*** Opening Data section ***
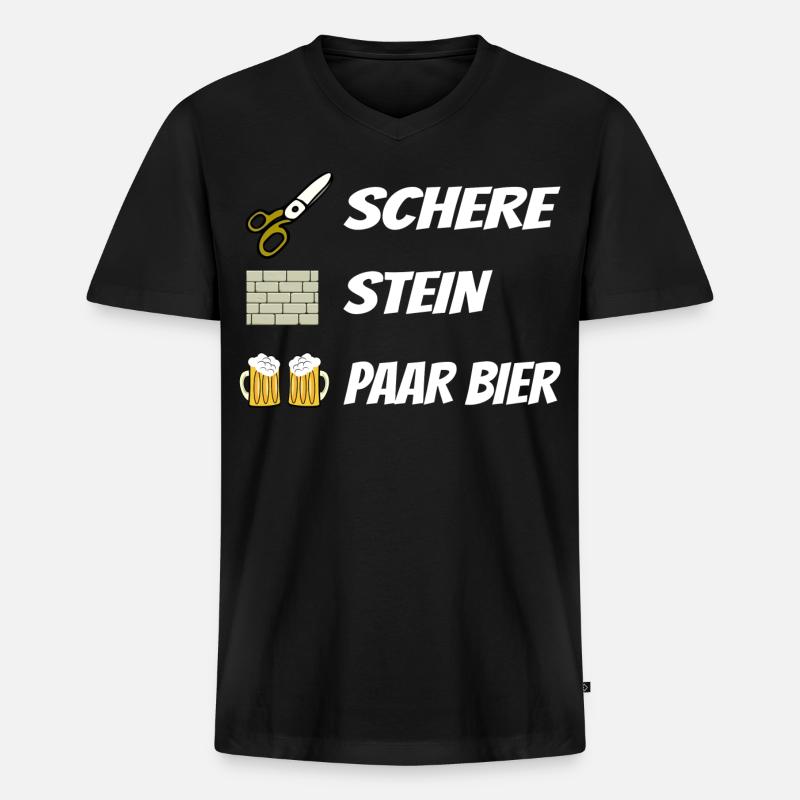 Schere , Stein, Paar Bier - Männer Premium Bio T-Shirt mit V-Ausschnitt - Schwarz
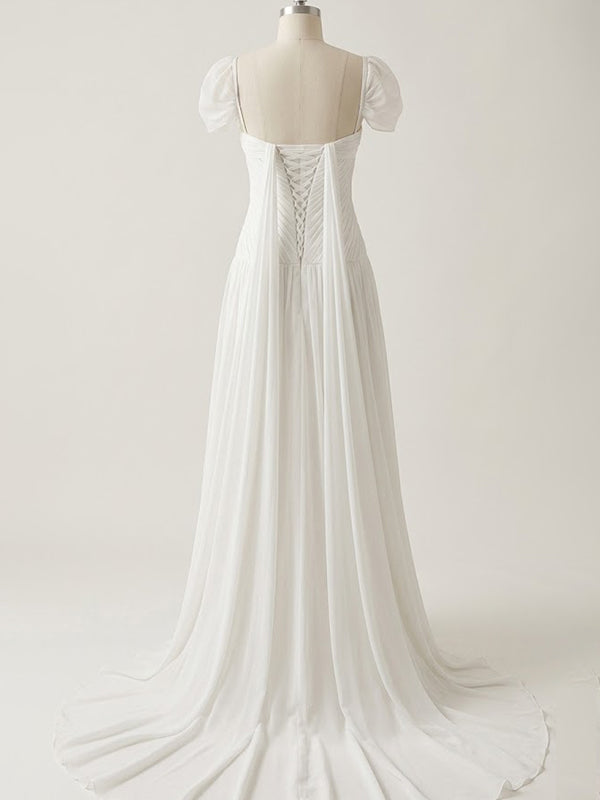 Elegant Ivory Chiffon Low Back A-Line Wedding Gown, Evening Gown, PD37673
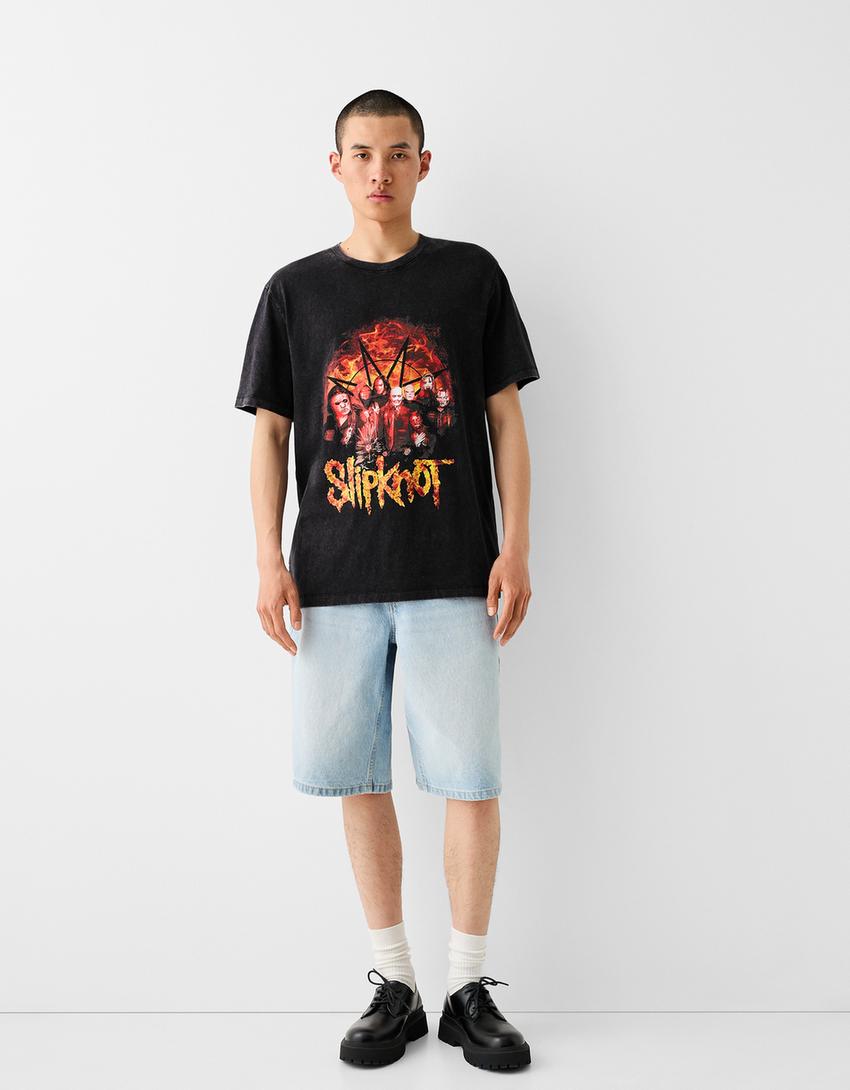 Фланелка с къс ръкав и щампа „Slipknot“-Черно-3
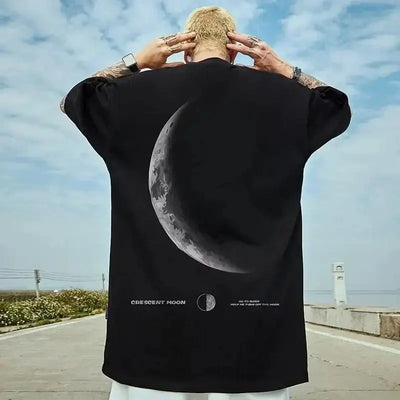 New Moon Print Fashion Men's T-shirt, Loose Street Trendy Extra Large O-Neck Men's Short Sleeve Daily Comfortable Men's Top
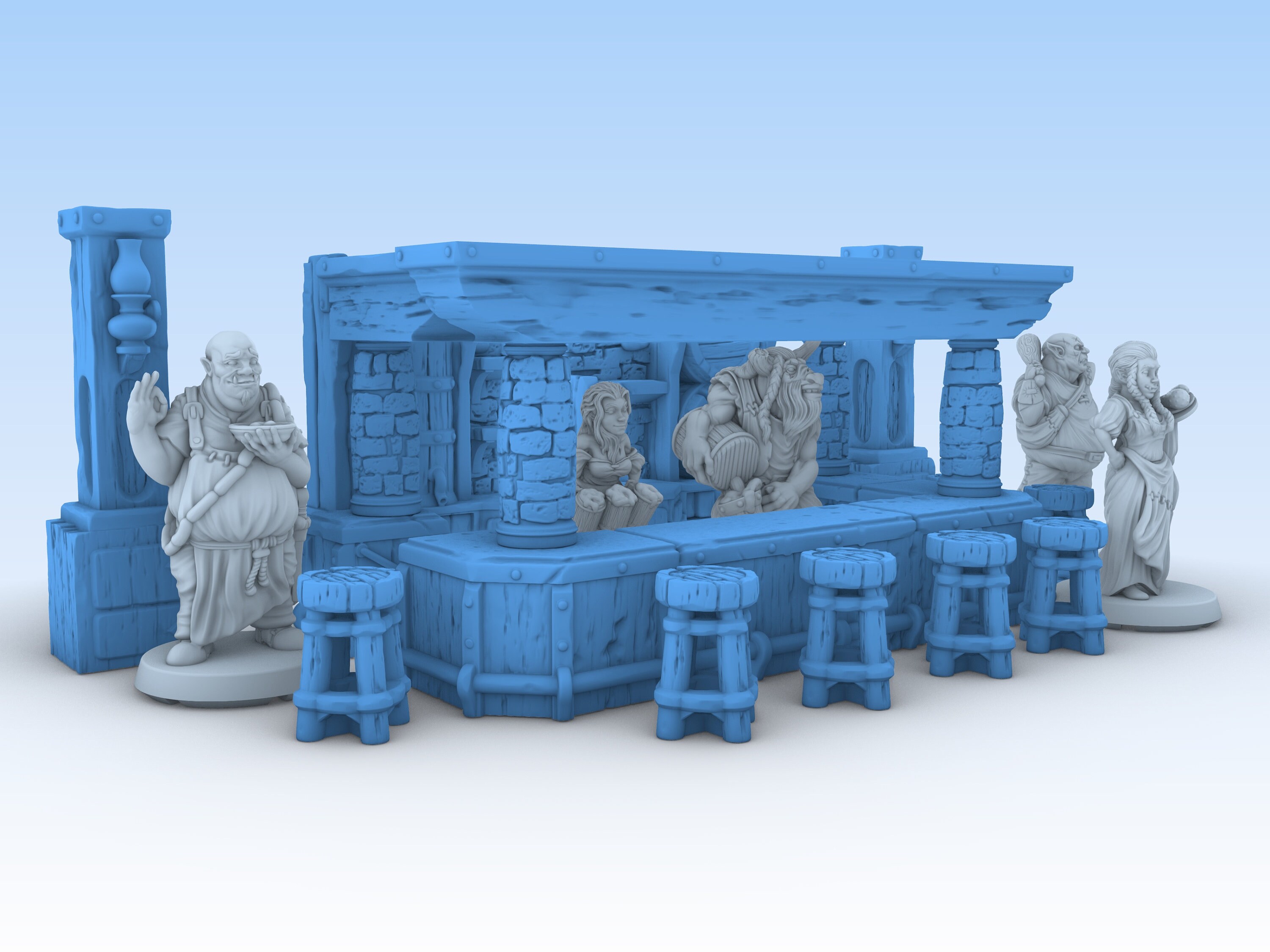 thumbnail interactive-video image 1 of Reaper Miniatures Dungeon Dressing: Bar #77618 Bones Unpainted Plastic... 1 of 11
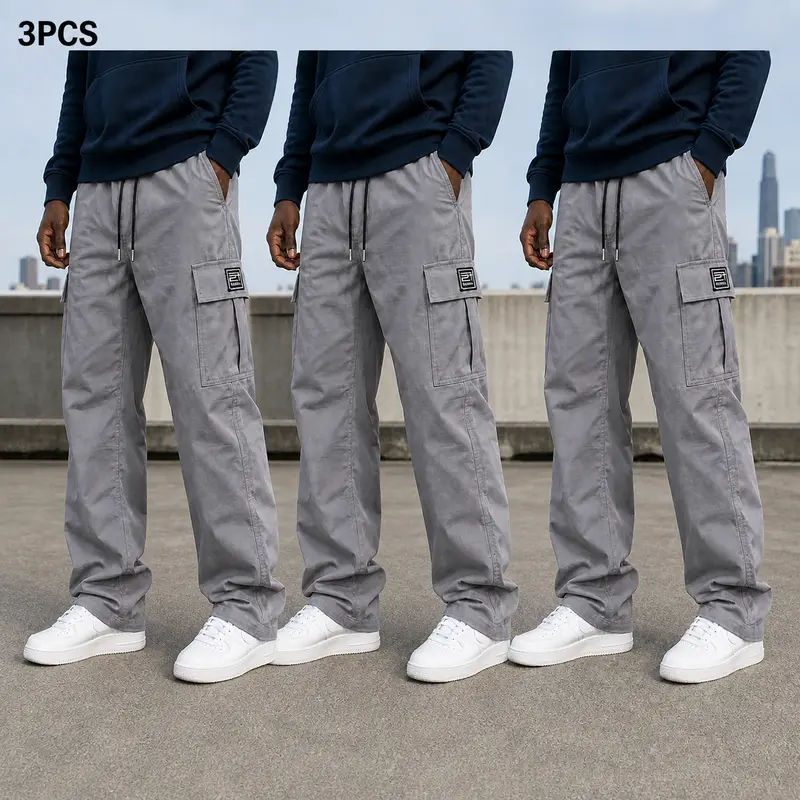 Men's loose-fit cargo pants 09 3pack gray gray gray 20 99 webp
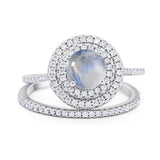 Two Piece Round Natural Stone Bridal Ring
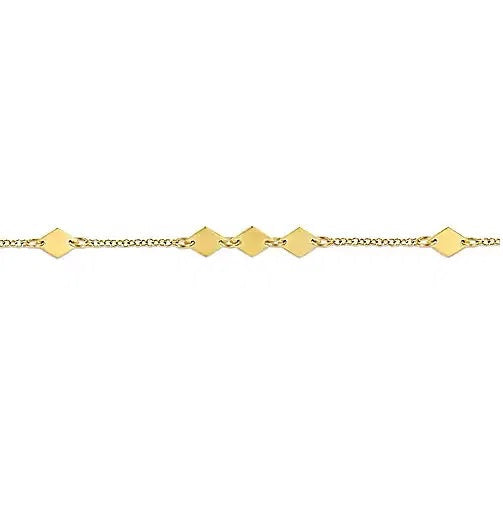 BRACELETS - 14K Yellow Gold 7 Inch Rhombus Stations Bracelet With Lobster Claw Clasp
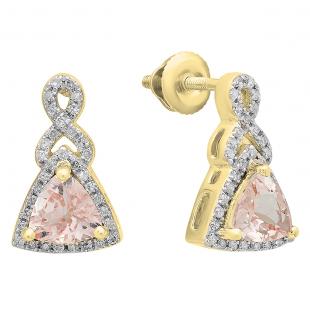 10K Yellow Gold 5 MM Each Trilliant Morganite & Round Diamond Ladies Dangling Earrings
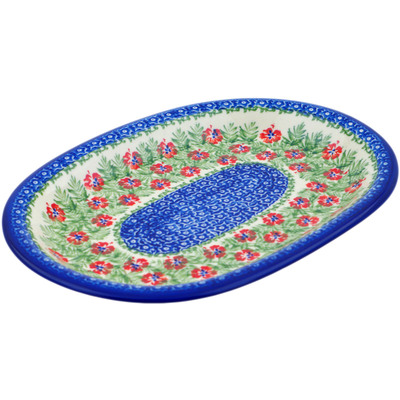 Polish Pottery Oval Platter 11&quot; Midsummer Bloom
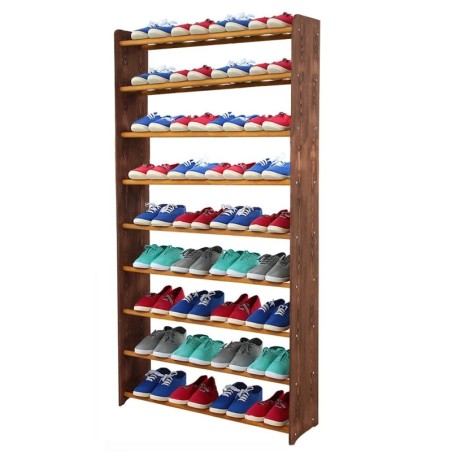 Regał na buty RBS-9-90 · olchowe szczebelki · brązowe boki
*** Closing Data section ***
== Instructions to follow ==
Repeat the lines of the records verbatim, starting at the line containing "Two Piece Round Natural Stone Bridal Ring" and stopping after the final line. Images stay out.

== Problem solution ==
 Two Piece Round Natural Stone Bridal Ring
 BRACELETS - 14K Yellow Gold 7 Inch Rhombus Stations Bracelet With Lobster Claw Clasp
 10K Yellow Gold 5 MM Each Trilliant Morganite & Round Diamond Ladies Dangling Earrings
 Polish Pottery Oval Platter 11&quot; Midsummer Bloom
 Regał na buty RBS-9-90 · olchowe szczebelki · brązowe boki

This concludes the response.